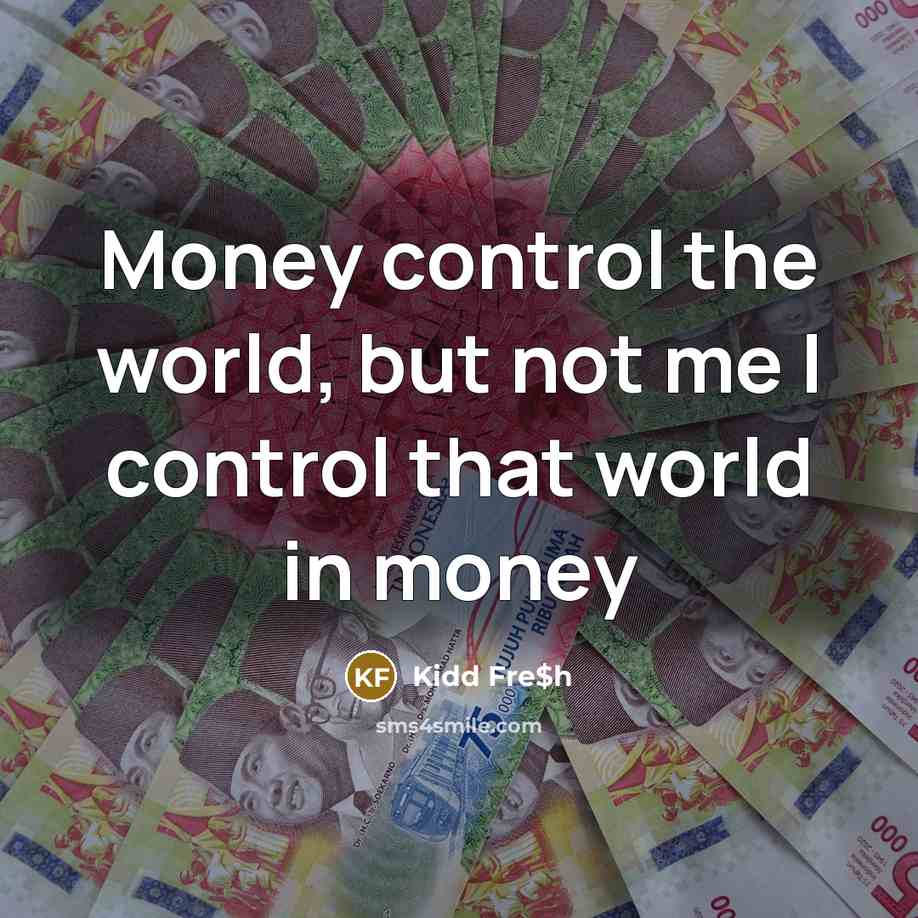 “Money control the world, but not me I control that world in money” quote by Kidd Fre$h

--

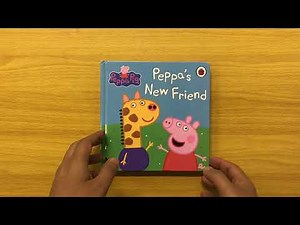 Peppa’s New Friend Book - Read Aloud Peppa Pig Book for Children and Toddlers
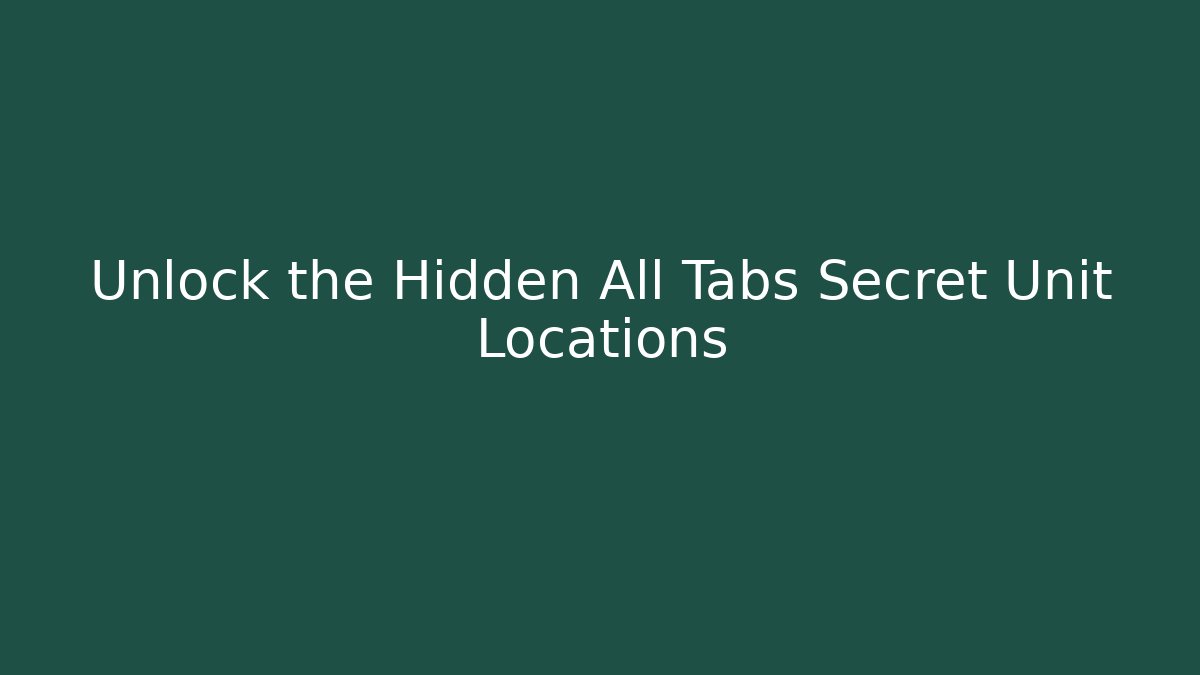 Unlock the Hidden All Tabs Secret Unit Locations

* * *

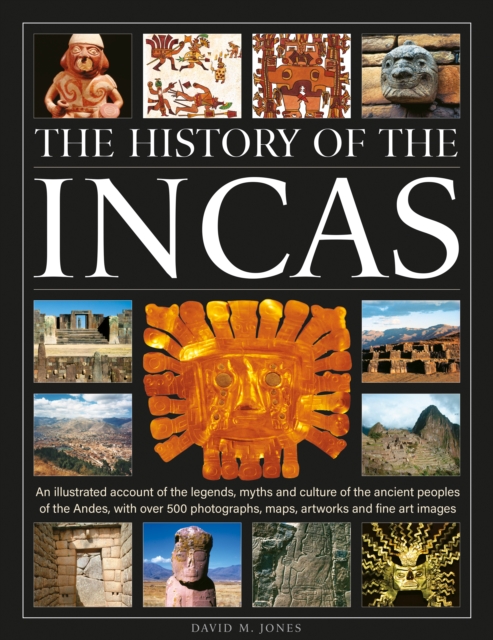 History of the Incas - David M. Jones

→ Exercise goal:
Out of the records above, set down only the lines from the one that contains "Peppa’s New Friend" through the one that contains "Unlock the Hidden", unchanged and without the pictures.

→ Response to the task:
 Peppa’s New Friend Book - Read Aloud Peppa Pig Book for Children and Toddlers
 Unlock the Hidden All Tabs Secret Unit Locations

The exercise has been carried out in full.